Once the target function is defined, fine-tune a downstream model:

Python
from pathlib import Path
from monad.ui.config import TrainingParams, MetricParams, MetricMonitoringMode
from monad.config.early_stopping import EarlyStopping

from monad.ui.module import load_from_foundation_model, RegressionTask

module = load_from_foundation_model(
    checkpoint_path=Path("./foundation_model"),
    downstream_task=RegressionTask(num_targets=1),
    target_fn=training_duration_target_fn,
)

training_params = TrainingParams(
    checkpoint_dir=Path("./<this_model>"),
    learning_rate=1e-4,
    epochs=20,
    devices=[0],
    metrics=[
        MetricParams(alias="mae", metric_name="MeanAbsoluteError"),
        MetricParams(alias="mse", metric_name="MeanSquaredError"),
        MetricParams(alias="r2", metric_name="R2Score"),
    ],
    metric_to_monitor="val_mae_0",
    metric_monitoring_mode=MetricMonitoringMode.MIN,
    early_stopping=EarlyStopping(min_delta=1e-4, patience=5),
)

module.fit(training_params, seed=42)

Evaluation

Python
from pathlib import Path
from datetime import datetime, timezone
from monad.ui.module import load_from_checkpoint
from monad.ui.config import TestingParams, MetricParams, OutputType

module = load_from_checkpoint(Path("./<this_model>"))

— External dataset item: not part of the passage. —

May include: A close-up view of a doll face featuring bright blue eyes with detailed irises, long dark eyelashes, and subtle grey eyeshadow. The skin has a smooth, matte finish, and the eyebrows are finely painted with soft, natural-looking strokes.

testing_params = TestingParams(
    prediction_date=datetime(2024, 5, 1, tzinfo=timezone.utc),
    output_type=OutputType.DECODED,
    devices=[0],
    metrics=[
        MetricParams(alias="mae", metric_name="MeanAbsoluteError"),
        MetricParams(alias="mse", metric_name="MeanSquaredError"),
        MetricParams(alias="r2", metric_name="R2Score"),
    ],
)

results = module.test(testing_params)

Prediction

Python
from pathlib import Path
from datetime import datetime, timezone
from monad.ui.module import load_from_checkpoint
from monad.ui.config import TestingParams, OutputType

module = load_from_checkpoint(Path("./<this_model>"))

testing_params = TestingParams(
    local_save_location=Path("./predictions.tsv"),
    output_type=OutputType.DECODED,
    prediction_date=datetime(2024, 6, 1, tzinfo=timezone.utc),
    devices=[0],
)

predictions = module.predict(testing_params)

Metric Why it matters
MAE Average absolute error — intuitive and robust to outliers.
RMSE Penalises large errors more heavily than MAE.
Proportion of variance explained by the model.
MAPE Percentage-based error — useful for comparing across scales.

Production Tips

  1. Calibrate the minimum session threshold. 10 minutes is a reasonable default, but analyze your session duration distribution. If your app tracks stretching or cool-downs separately, a lower threshold may be appropriate.
  2. Segment by activity type. Running, weight training, and yoga have very different typical durations. Consider building activity-specific models for more accurate predictions.
  3. Use predictions for engagement scoring. Combine predicted training volume with actual volume to create an engagement score: users consistently below their predicted volume may be disengaging.
  4. Watch for seasonal patterns. Gym attendance spikes in January and drops in summer. Retrain quarterly to capture these cycles.
  5. Consider log-transforming the target. Training duration distributions are typically right-skewed. Applying np.log1p can stabilise training and improve prediction accuracy.